The warm, subdued lighting inside compliments the colourful, framed prints by famous Spanish artists Picasso and Miró covering the walls. The al fresco seating is ideal for dining in the warmer parts of the year. Despite tables being on the street itself, the quiet nature of the road means that you can enjoy a relaxed meal without having to compete with the expected roaring of motors in the foreground. Similarly, the indoor seating, despite being intimate, creates an enjoyable atmosphere where you can still hold a relatively hushed conversation.
With over 60 different tapas dishes on the menu – including traditional favourites such as shellfish paella and patatas bravas – you’re spoilt for choice when choosing what to eat at El Pirata. The portion sizes are generous for tapas so it is easy to over order if your eyes are bigger than your stomach.
The menu’s influences are spread out from all across Spain. There’s a great deal of fish, seafood, meat, and vegetarian options to choose from on the tapas menu, as well as over 100 Spanish wines – many of which are organic. On the manager’s suggestion, we had the Carqueixal Albarino wine, originating from Rias Baixas (located on the southwestern coast of Galicia, Spain). This smooth and drinkable white wine is filled with intense, elegant aromas and is a perfect palate cleanser in between dishes.
We got stuck in by ordering pan con ali-oli (bread with a garlic mayonnaise dip), which naturally arrived first. This was shortly followed by padrón peppers, tabla de quesos y membrillo (four Spanish cheeses: Manchego, Guadamur, Mahon and Cabrales, served with quince jelly), boquerones (anchovies in vinegar), grilled wild asparagus and Iberian ham (apparently made from the best acorn-fed ‘Black Foot’ pig), as well as some pan con tomate for good measure (I firmly believe you can never have too much bread on the table).
After we had made our way through these plates, we were presented with the patatas bravas (you can judge a good tapas restaurant by how well they do the sauce on this dish), garbanzos con pisto (chickpeas with slow-cooked aubergine, courgettes & peppers; admittedly more of a winter dish but still delicious), and then two types of croquettes – meat and vegetable.
Despite being absolutely stuffed after all of this, I would have loved to try the red pepper stuffed with vegetable risotto and cheese, their chorizo al vino, marinated chicken skewers, and much more.

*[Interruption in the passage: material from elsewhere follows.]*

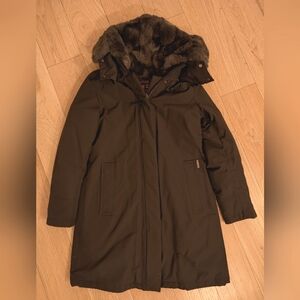 Woolrich Women's Black Parka Coat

It definitely warrants another visit.
To top it off, the staff at El Pirata are lovely. Warm, welcoming and attentive right from the moment you arrive to the minute you leave, they really do make the dining experience all that more authentic and enjoyable.
Although the dishes may not be particularly inventive, it doesn’t matter, as El Pirata is so confident in it’s approach to traditional comfort-food tapas that it’s no wonder the restaurant has been popular with Londoners for over twenty years. Long may it continue.